● What you need to do:
Restate word for word every line from the top of the data below down through the line that holds "Generic Women's Fit".

Entries taken from a collection

--- START ---

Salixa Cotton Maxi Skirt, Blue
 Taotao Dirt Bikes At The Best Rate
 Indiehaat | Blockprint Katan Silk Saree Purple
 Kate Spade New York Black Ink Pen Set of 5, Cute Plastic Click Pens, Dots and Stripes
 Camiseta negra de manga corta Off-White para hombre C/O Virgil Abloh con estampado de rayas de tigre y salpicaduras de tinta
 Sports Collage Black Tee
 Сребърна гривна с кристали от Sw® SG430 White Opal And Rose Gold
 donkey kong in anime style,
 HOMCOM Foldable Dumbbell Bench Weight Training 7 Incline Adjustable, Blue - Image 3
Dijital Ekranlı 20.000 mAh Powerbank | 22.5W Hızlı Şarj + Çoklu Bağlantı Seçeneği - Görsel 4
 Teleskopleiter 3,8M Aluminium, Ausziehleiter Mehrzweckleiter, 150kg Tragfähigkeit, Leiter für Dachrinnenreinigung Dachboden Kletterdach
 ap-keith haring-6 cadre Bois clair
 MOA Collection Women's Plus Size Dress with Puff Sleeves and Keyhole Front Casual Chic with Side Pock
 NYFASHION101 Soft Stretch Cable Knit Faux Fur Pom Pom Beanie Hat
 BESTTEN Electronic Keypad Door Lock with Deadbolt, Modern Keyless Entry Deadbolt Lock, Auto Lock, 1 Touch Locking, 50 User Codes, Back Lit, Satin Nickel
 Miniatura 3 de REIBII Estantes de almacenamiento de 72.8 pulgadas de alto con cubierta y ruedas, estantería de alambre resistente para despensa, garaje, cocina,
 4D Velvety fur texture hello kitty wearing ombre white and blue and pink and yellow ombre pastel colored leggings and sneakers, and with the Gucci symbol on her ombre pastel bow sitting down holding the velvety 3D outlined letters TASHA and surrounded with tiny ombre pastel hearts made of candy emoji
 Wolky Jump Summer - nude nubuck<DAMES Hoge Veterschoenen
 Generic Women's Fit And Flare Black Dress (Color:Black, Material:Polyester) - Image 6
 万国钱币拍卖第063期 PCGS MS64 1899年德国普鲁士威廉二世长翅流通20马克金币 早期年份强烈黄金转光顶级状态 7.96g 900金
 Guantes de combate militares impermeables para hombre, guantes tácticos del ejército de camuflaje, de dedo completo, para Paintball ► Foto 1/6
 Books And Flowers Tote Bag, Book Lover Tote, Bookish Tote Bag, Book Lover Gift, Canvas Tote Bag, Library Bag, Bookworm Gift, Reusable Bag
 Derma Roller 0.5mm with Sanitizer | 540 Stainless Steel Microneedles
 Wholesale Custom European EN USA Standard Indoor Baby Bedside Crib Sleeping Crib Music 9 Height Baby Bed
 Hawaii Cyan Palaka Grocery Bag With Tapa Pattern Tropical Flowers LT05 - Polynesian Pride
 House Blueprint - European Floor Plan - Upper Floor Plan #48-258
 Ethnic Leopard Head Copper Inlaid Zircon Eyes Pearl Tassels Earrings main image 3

--- END ---

● Task response:
Salixa Cotton Maxi Skirt, Blue
 Taotao Dirt Bikes At The Best Rate
 Indiehaat | Blockprint Katan Silk Saree Purple
 Kate Spade New York Black Ink Pen Set of 5, Cute Plastic Click Pens, Dots and Stripes
 Camiseta negra de manga corta Off-White para hombre C/O Virgil Abloh con estampado de rayas de tigre y salpicaduras de tinta
 Sports Collage Black Tee
 Сребърна гривна с кристали от Sw® SG430 White Opal And Rose Gold
 donkey kong in anime style,
 HOMCOM Foldable Dumbbell Bench Weight Training 7 Incline Adjustable, Blue - Image 3
Dijital Ekranlı 20.000 mAh Powerbank | 22.5W Hızlı Şarj + Çoklu Bağlantı Seçeneği - Görsel 4
 Teleskopleiter 3,8M Aluminium, Ausziehleiter Mehrzweckleiter, 150kg Tragfähigkeit, Leiter für Dachrinnenreinigung Dachboden Kletterdach
 ap-keith haring-6 cadre Bois clair
 MOA Collection Women's Plus Size Dress with Puff Sleeves and Keyhole Front Casual Chic with Side Pock
 NYFASHION101 Soft Stretch Cable Knit Faux Fur Pom Pom Beanie Hat
 BESTTEN Electronic Keypad Door Lock with Deadbolt, Modern Keyless Entry Deadbolt Lock, Auto Lock, 1 Touch Locking, 50 User Codes, Back Lit, Satin Nickel
 Miniatura 3 de REIBII Estantes de almacenamiento de 72.8 pulgadas de alto con cubierta y ruedas, estantería de alambre resistente para despensa, garaje, cocina,
 4D Velvety fur texture hello kitty wearing ombre white and blue and pink and yellow ombre pastel colored leggings and sneakers, and with the Gucci symbol on her ombre pastel bow sitting down holding the velvety 3D outlined letters TASHA and surrounded with tiny ombre pastel hearts made of candy emoji
 Wolky Jump Summer - nude nubuck<DAMES Hoge Veterschoenen
 Generic Women's Fit And Flare Black Dress (Color:Black, Material:Polyester) - Image 6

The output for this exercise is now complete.